As far as I can see, the point of the question is that the mathematical definition of "mutually independent" includes some situations that don't fit your intuition of what "independent" should mean. Such things happen fairly often in other parts of mathematics too, because we use ordinary English words that might carry some unwanted connotations. An extreme example is that, in ancient times (perhaps even in medieval times --- I'm not sure about that), "number" meant what we now call "natural number greater than or equal to 2". The idea that 1 is a number still clashes with some people's intuition; if I say "a number of people think I'm a genius" and it turns out that only one person (guess who!) thinks so, was I lying? The idea that 0 is a number is, for some people, even more counter-intuitive. Nevertheless, broader notions of "number", including not only 1 and 0 but negative numbers, real numbers, and complex numbers, have been fruitful enough that mathematicians adopt these meanings and discard the old, more intuitive meaning.
In the case at hand, something similar may be at work; the official definition is (at least) easier to work with than a variant that requires at least two random variables. For example, we can say that, if a set of random variables is mutually independent, then so is any subset.

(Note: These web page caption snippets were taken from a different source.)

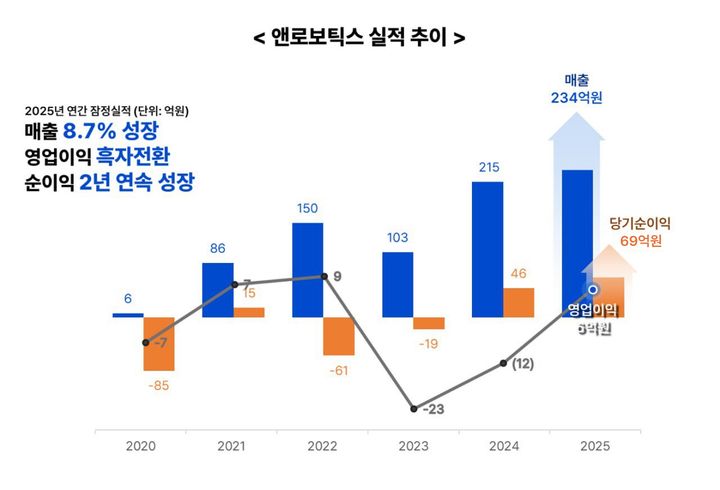(사진=앤로보틱스) *재판매 및 DB 금지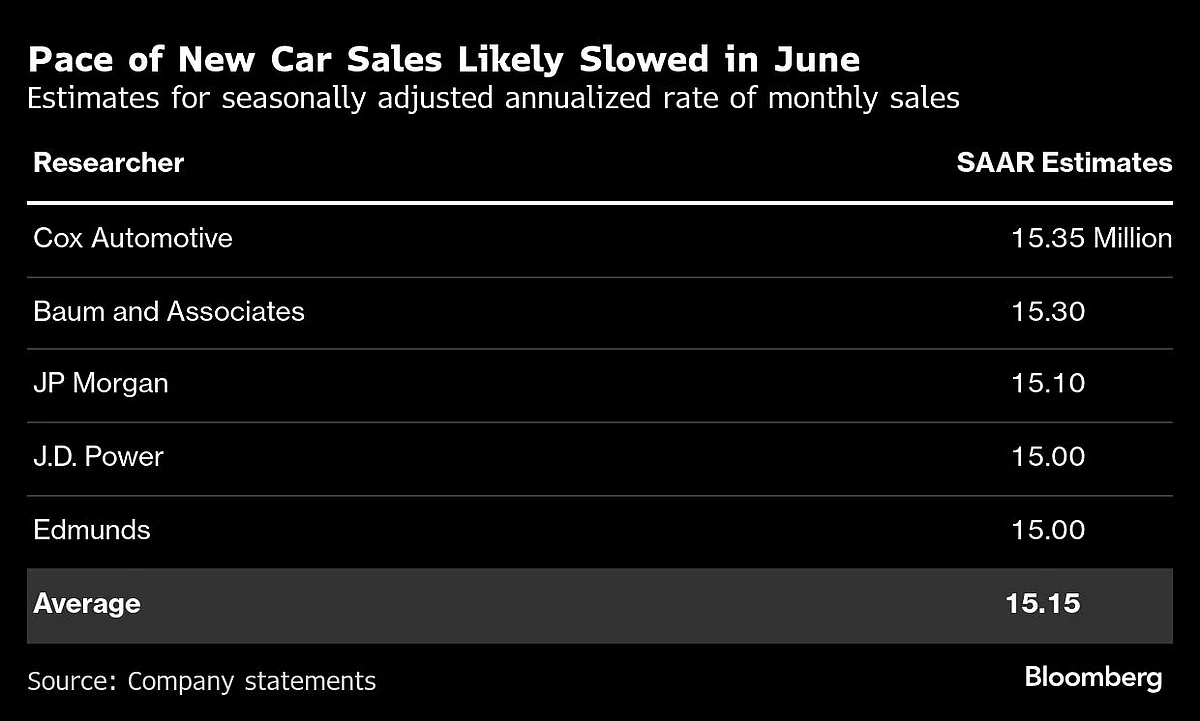 Car Sales Hit A Wall As Tariff-Induced Shopping Spree Subsides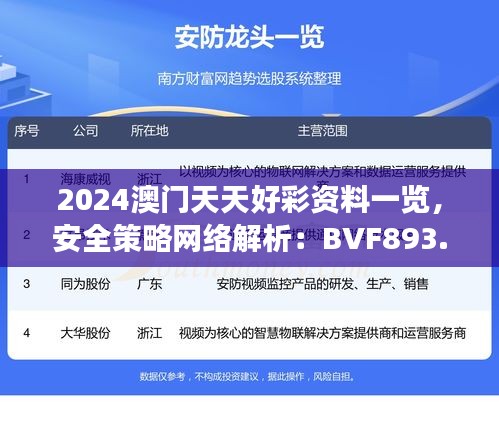 2024澳門(mén)天天好彩資料一覽，安全策略網(wǎng)絡(luò)解析：BVF893.65深度解讀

In addition, though, I think it is possible to explain the official definition in a way that makes intuitive sense. Consider what dependence (the opposite of mutual independence) of a family of random variables should mean intuitively. To me, it means that, if we're given the values of some of the random variables in the family, then this information influences the distribution of some other random variable in the family. Now this will never happen when the family consists of only one random variable. Since we can't have (my intuitive notion of) dependence in this case, it makes sense to declare any family of just one random variable to be mutually independent. (For the same reason, I would consider the empty family of random variables to be mutually independent.)